Aquel día, al atardecer, les dijo: Pasemos a la otra orilla.
Aquel día: el día en que Jesús ha pronunciado muchas parábolas. El Evangelista parece invitarnos a interpretar la tormenta del lago en clave parabólica. La otra orilla: orilla que pertenece a la región pagana de los gerasenos. Les dijo: a los discípulos. La gente queda atrás. Lo que viene es cosa del discípulo de Jesús. La tormenta es una experiencia fuerte, necesaria y transformante. Todos estamos atravesando el lago y pasando a la otra orilla. Pasemos a la otra orilla: no dice: Pasad; dice: Pasemos. Él con nosotros; y ¿si Él con nosotros, quién contra nosotros? (Rm 8, 31).
En esto, se levantó una fuerte borrasca y las olas irrumpían en la barca. Él estaba a popa durmiendo sobre un cabezal.
Mientras el Maestro duerme seguro, el pánico se apodera de los discípulos, y gritan: Maestro, ¿no te importa que perezcamos? Y Él: ¿Por qué estáis con tanto miedo? ¿Cómo no tenéis fe?

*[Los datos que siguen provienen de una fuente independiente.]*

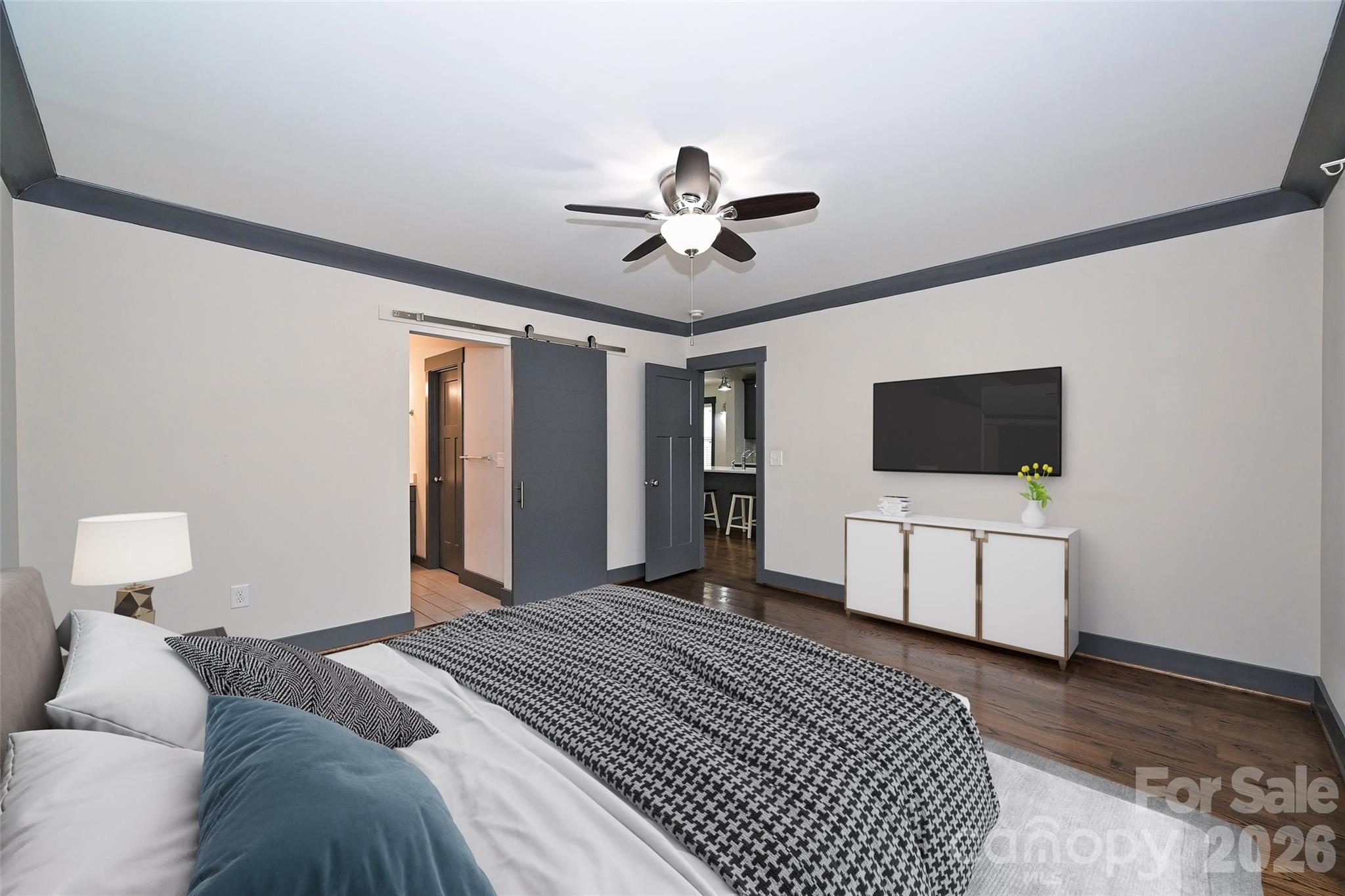 Villa Heights - Residential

Aquellos discípulos tenían fe en Jesús. Pero su fe podía ser más fuerte. Las imponentes olas lograron desviar la atención de los discípulos y, en lugar de tener los ojos puestos en Jesús que dormía en la popa de la barca y afrontar el peligro con serenidad, tenían sus ojos puestos en el oleaje. Así es cómo el miedo se apoderó de ellos. Como dice el Papa Francisco, ¡cuántas veces dejamos al Señor en un rincón, en el fondo de la vida, para despertarlo en el momento de la necesidad! Se entra en el Reino de los Cielos cuando se es capaz de dormir tranquilo en medio de la tormenta teniendo los ojos puestos en el Señor y sintiéndonos seguros como niños en brazos de papá o de mamá.